Two of Houston’s non-profit social service agencies have submitted property tax exemption requests for the 2023 tax year.
Houston Community Services wants an exemption for its property at 3398 10th St. and Houston Link to Learning for property at 2350 Butler Ave.
A bylaw is needed for council to authorize the exemptions and will be considered at a future meeting.
Background information provided to council in an Aug. 11 memo stated tax exemptions are permitted “for property owned or held by a charitable, philanthropic, and non-profit corporation and used for the purposes of the corporation.”
The municipal tax exemption wanted by Houston Community Services amounts to $3,774 at 2022 tax rates and $4,907 when all property taxes are included while the municipal tax exemption for Houston Link to Learning for the Plaza entertainment complex recently purchased would be $6,953 at 2022 tax rates and $9,286 when all property taxes are included.

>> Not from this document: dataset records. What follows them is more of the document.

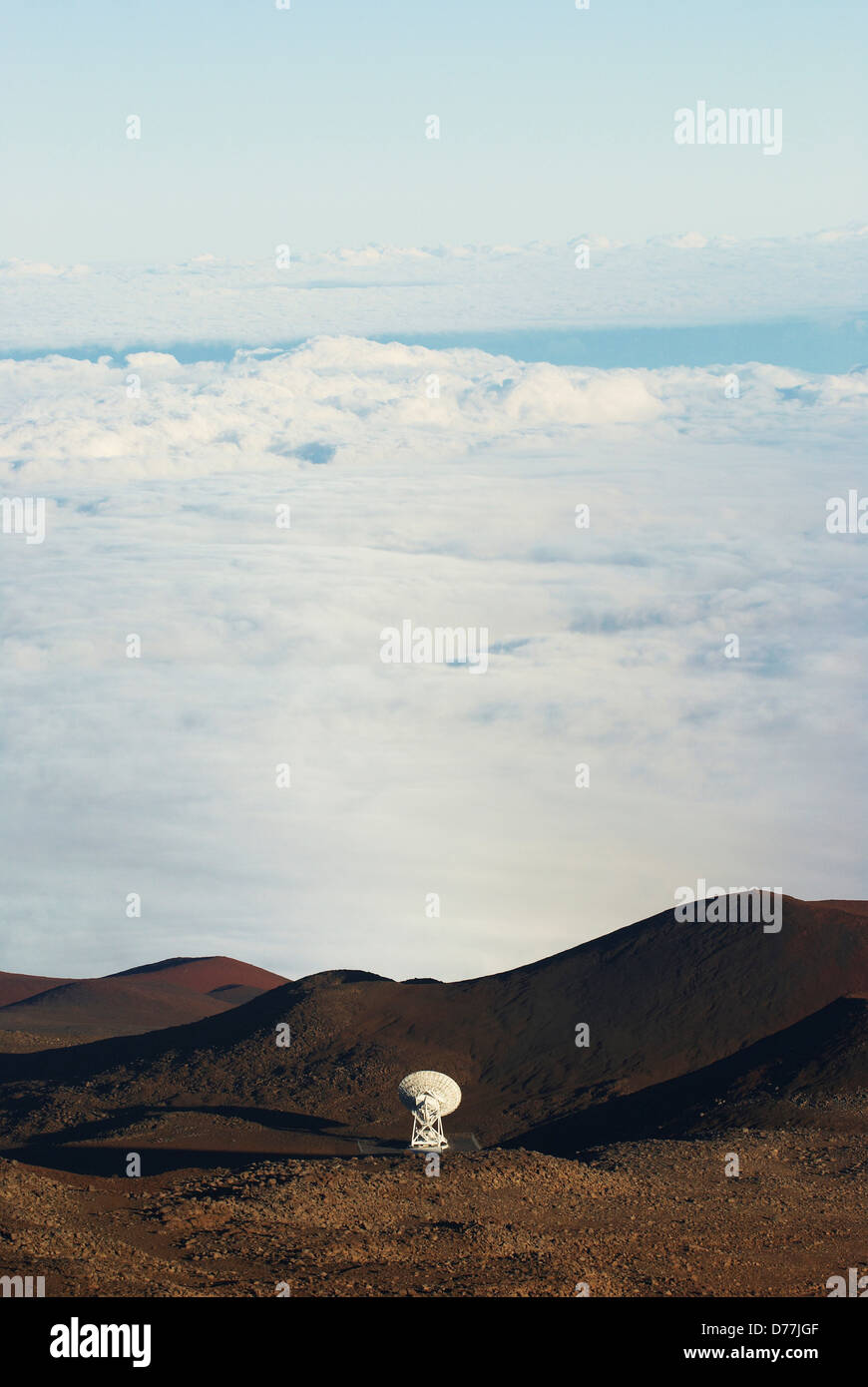 Radi telescopio sulla collina molto lunga schiera di Baseline Mauna Kea Hawaii Isole Hawaii USA Foto Stock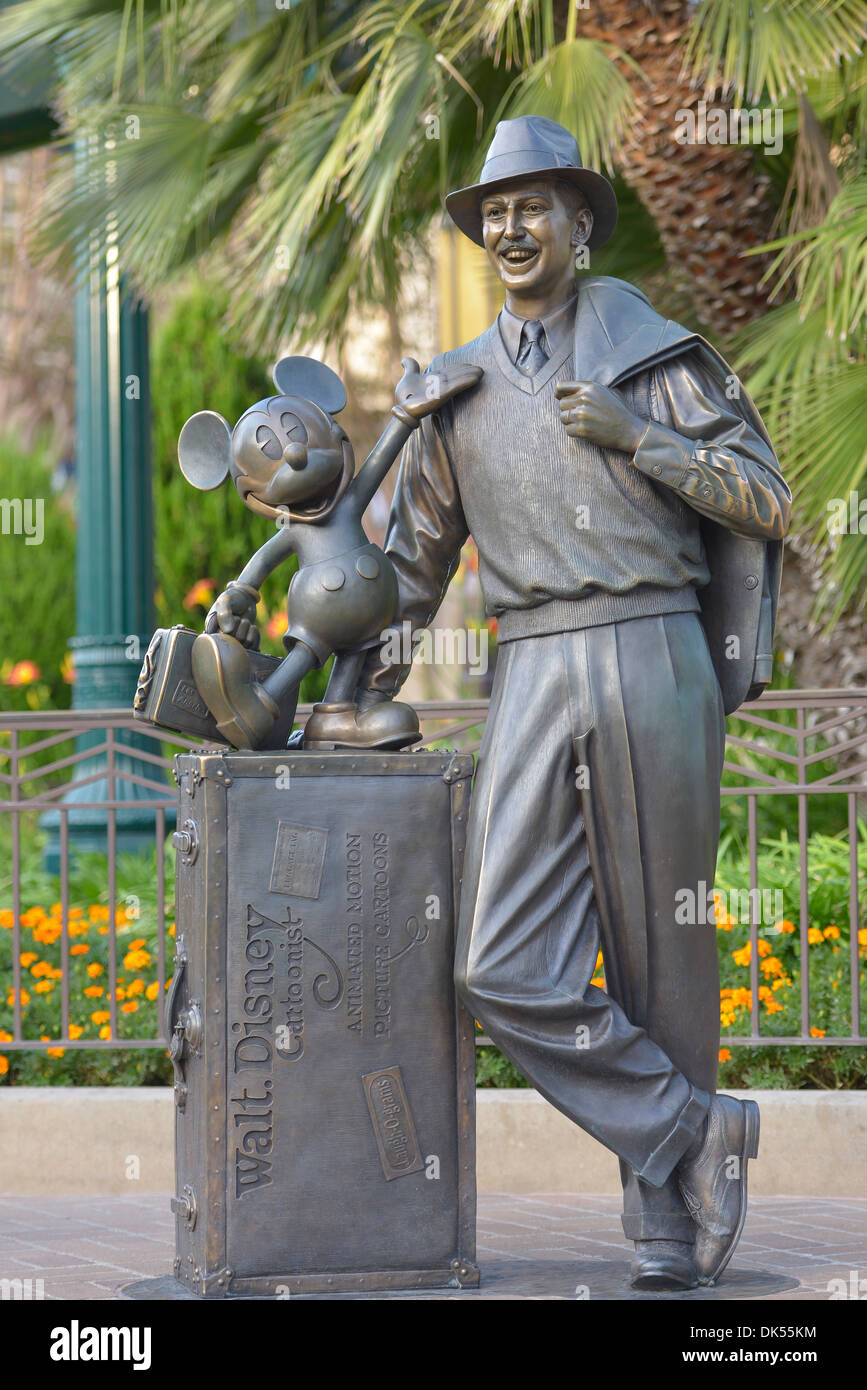 Statue Disneyland, Walt Disney und Mickey Mouse, Anaheim, Kalifornien Stockfoto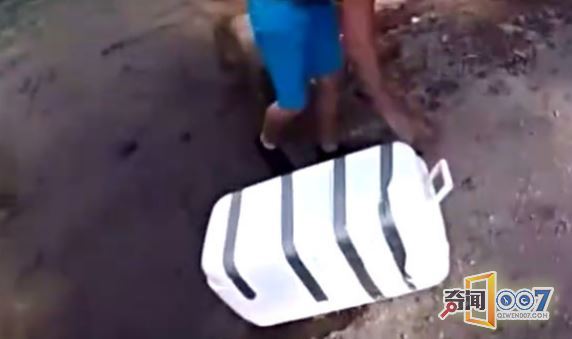 河里漂着白色箱子,打开后出现惊悚一幕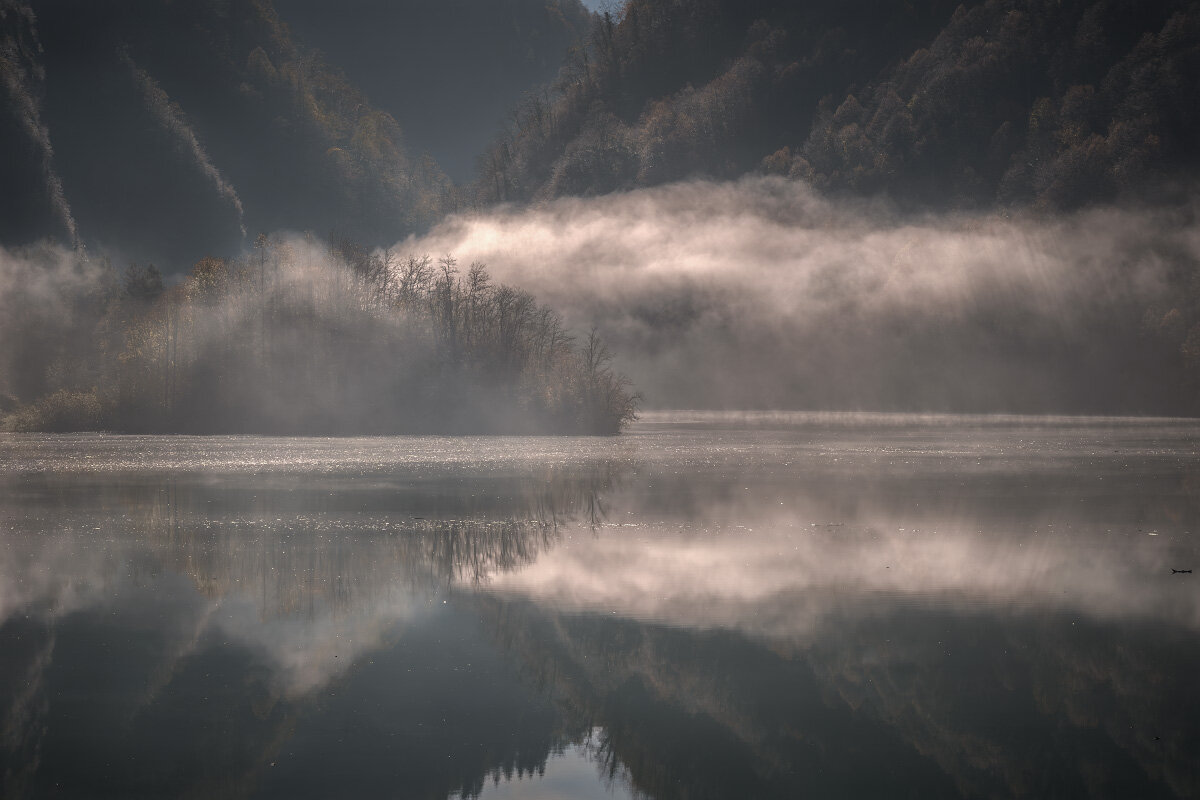 Island Of Fog Over Lajanura River - Fuseboy 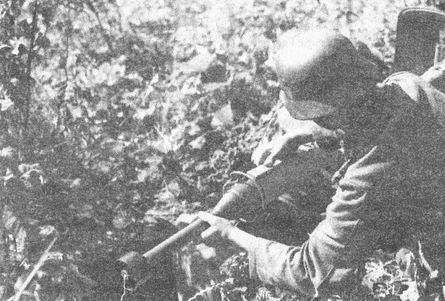 Иллюстрация к книге — "Фаустники" в бою [i_130.jpg]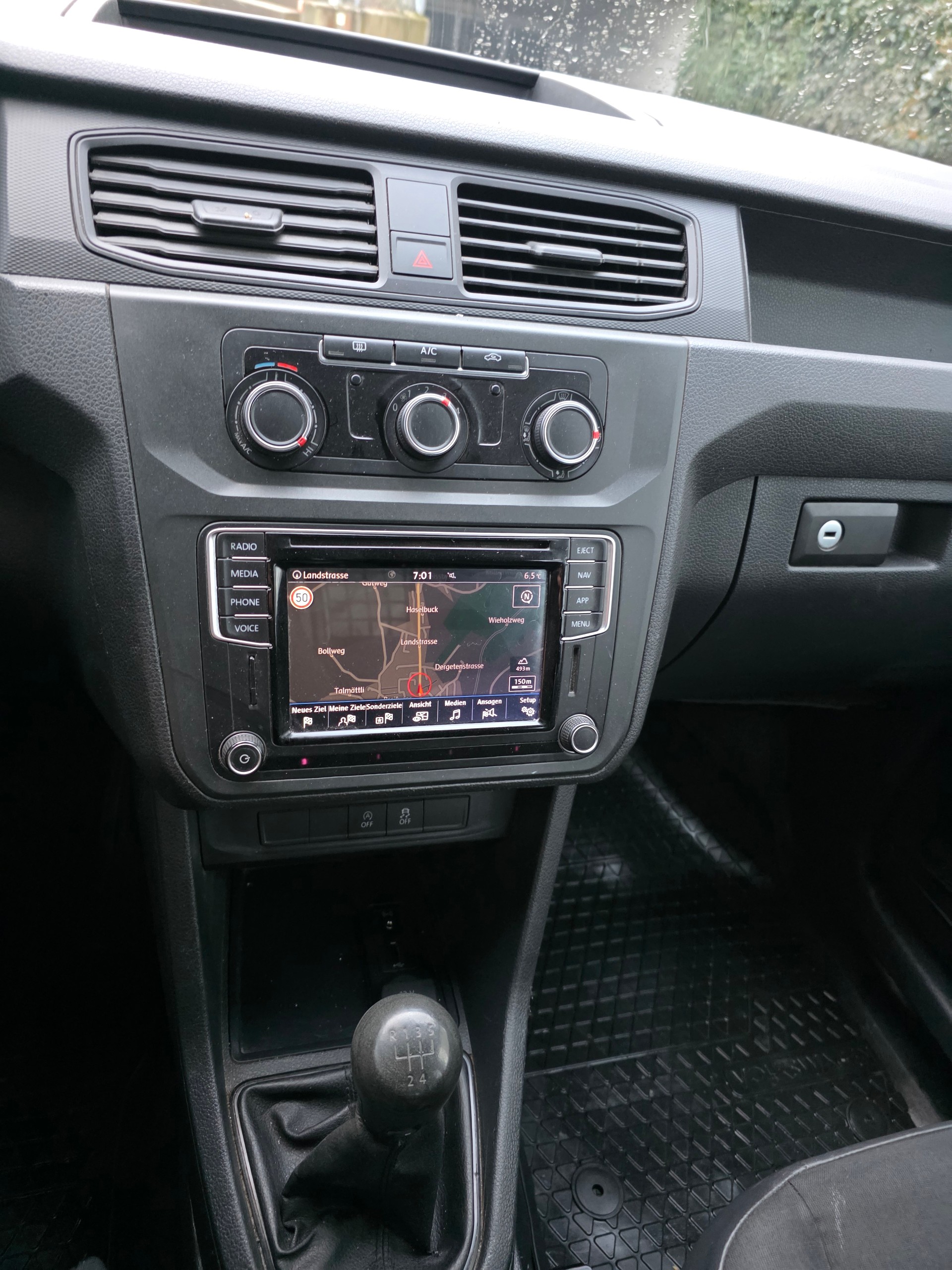 VW Caddy Maxi 2.0TDI BlueMotion Technology-image-15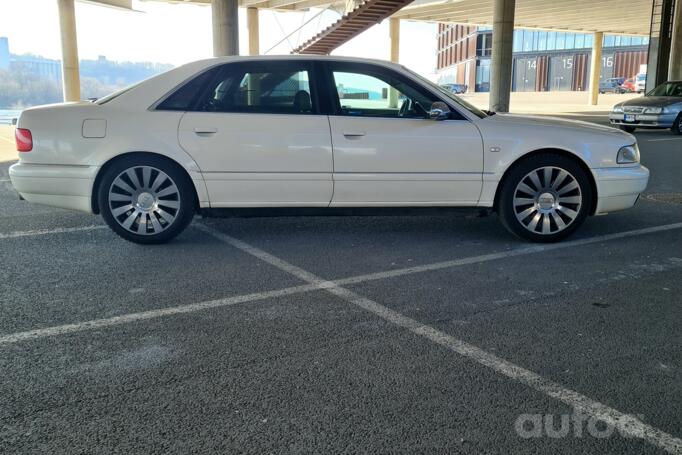 Audi A8 D2/4D [restyling] Sedan 4-doors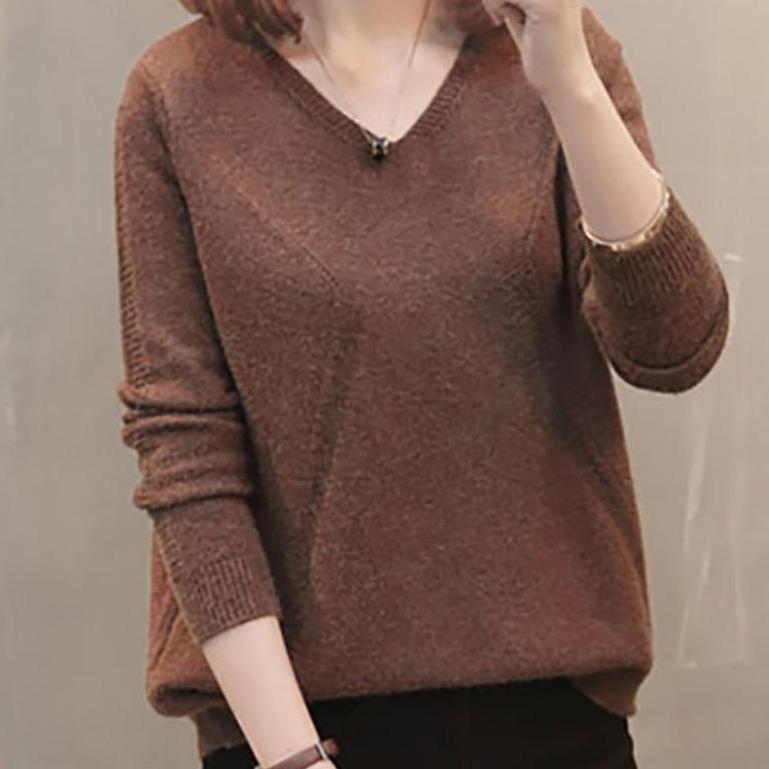 V-neck pullover sweater women's back butto stylish slimming knitted sweater solid color base outerwear Sweaters women’s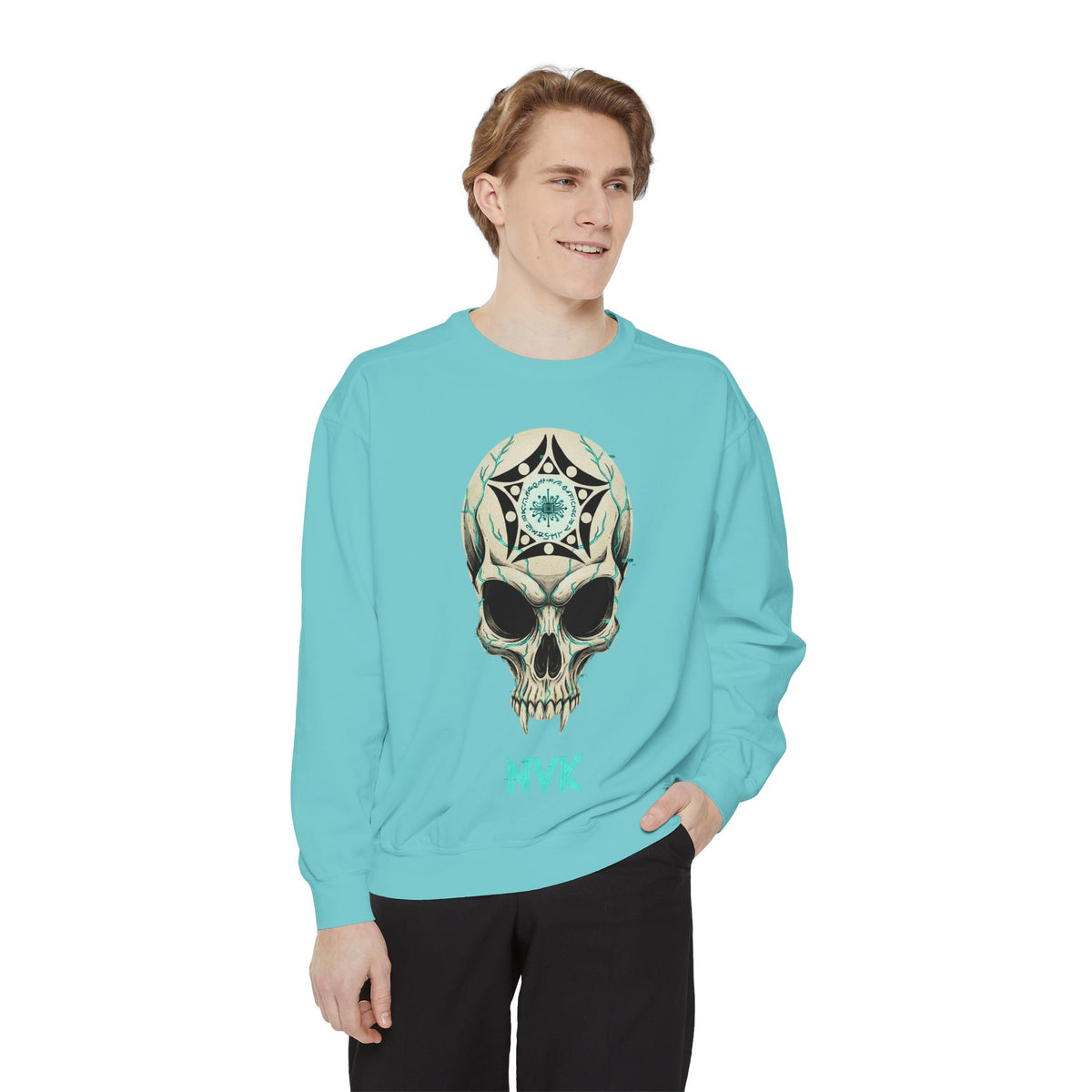 NVK BUGA SPHERE SKULL SWEATSHIRT™ — Graphic Crewneck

Activities at the Houston Community Services property includes services to seniors, families and youth in need, Alcoholics Anonymous, Narcotics Anonymous and the Houston Hospice Society.
Activities at Houston Link to Learning’s Plaza property include training for residents so they can work in retail, janitorial services and food establishments. It is also a gathering place for the public as well as offering free recreation services for seniors.
Altogether there are 19 organizations provided with tax exemption status carrying a municipal tax exemption total of $66,143. The large majority are churches.
Cattle roaming free
The District of Houston can’t take any direct action over complaints of cattle wandering free in the Morgan Road area.
Although the District of Houston is in a livestock district, it is not within a pound district and because of that, lacks the regulatory authority to take action.
“Since the lands in question are not in a pound district, livestock on those lands are exempted ….” indicated District of Houston protective services director Jim Daigneault in a detailed memo to council explaining the ins and outs of regulatory possibilities.
The cows in question belong to one owner and the complaints are that they damaged neighbouring gardens and property.
People complaining to the District of Houston are instead directed to the B.C. Cattlemen’s Association’s regional bodies.
“Staff will [also] contact the province to determine potential courses of action,” indicated District of Houston chief administrative officer Michael Dewar.
Subdivision application moving forward
The owner of property on Pioneer Road who wants to subdivide it can now take the plan to the provincial Agricultural Land Commission (ALC) following council’s initial consent.
Sandy Harms has the property at 2003 Pioneer Road and wants to subdivide a portion so that it can be sold as a separate residential lot.
And should the ALC give its approval, the application will then be sent back to the District for additional approval consideration.
Information provided to council indicates that awhile a portion of the Pioneer Road property is in the Agricultural Land Reserve, the area proposed to be subdivided off is not within the land reserve.
Despite that, council was told an application must still be made to the ALC prior to the District’s formal involvement.
Additionally, a Council resolution is required as part of the application package for the ALC.